Copy out the entries below exactly as they stand, but only from the line containing "sprofondo Rimini 4" through the line containing "The Long Way".

### EXERCISE INPUTS
○ ○ ○ ○ ○ ○ ○

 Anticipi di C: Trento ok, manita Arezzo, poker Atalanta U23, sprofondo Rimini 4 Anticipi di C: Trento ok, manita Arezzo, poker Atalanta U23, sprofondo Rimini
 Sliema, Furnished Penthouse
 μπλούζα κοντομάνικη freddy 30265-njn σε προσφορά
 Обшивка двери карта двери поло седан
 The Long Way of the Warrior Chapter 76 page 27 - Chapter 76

○ ○ ○ ○ ○ ○ ○

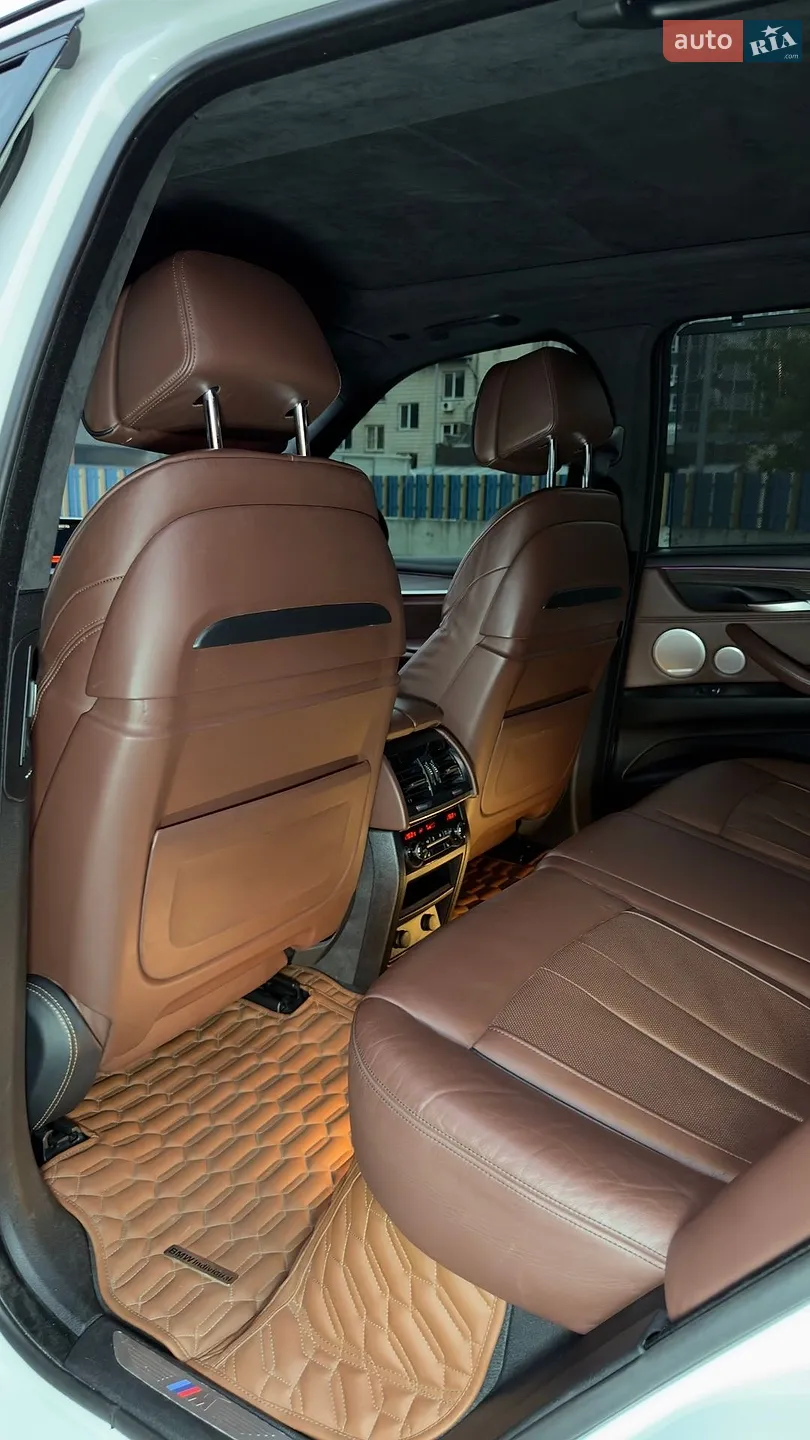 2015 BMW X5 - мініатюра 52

○ ○ ○ ○ ○ ○ ○

### TASK RESPONSE
 Anticipi di C: Trento ok, manita Arezzo, poker Atalanta U23, sprofondo Rimini 4 Anticipi di C: Trento ok, manita Arezzo, poker Atalanta U23, sprofondo Rimini
 Sliema, Furnished Penthouse
 μπλούζα κοντομάνικη freddy 30265-njn σε προσφορά
 Обшивка двери карта двери поло седан
 The Long Way of the Warrior Chapter 76 page 27 - Chapter 76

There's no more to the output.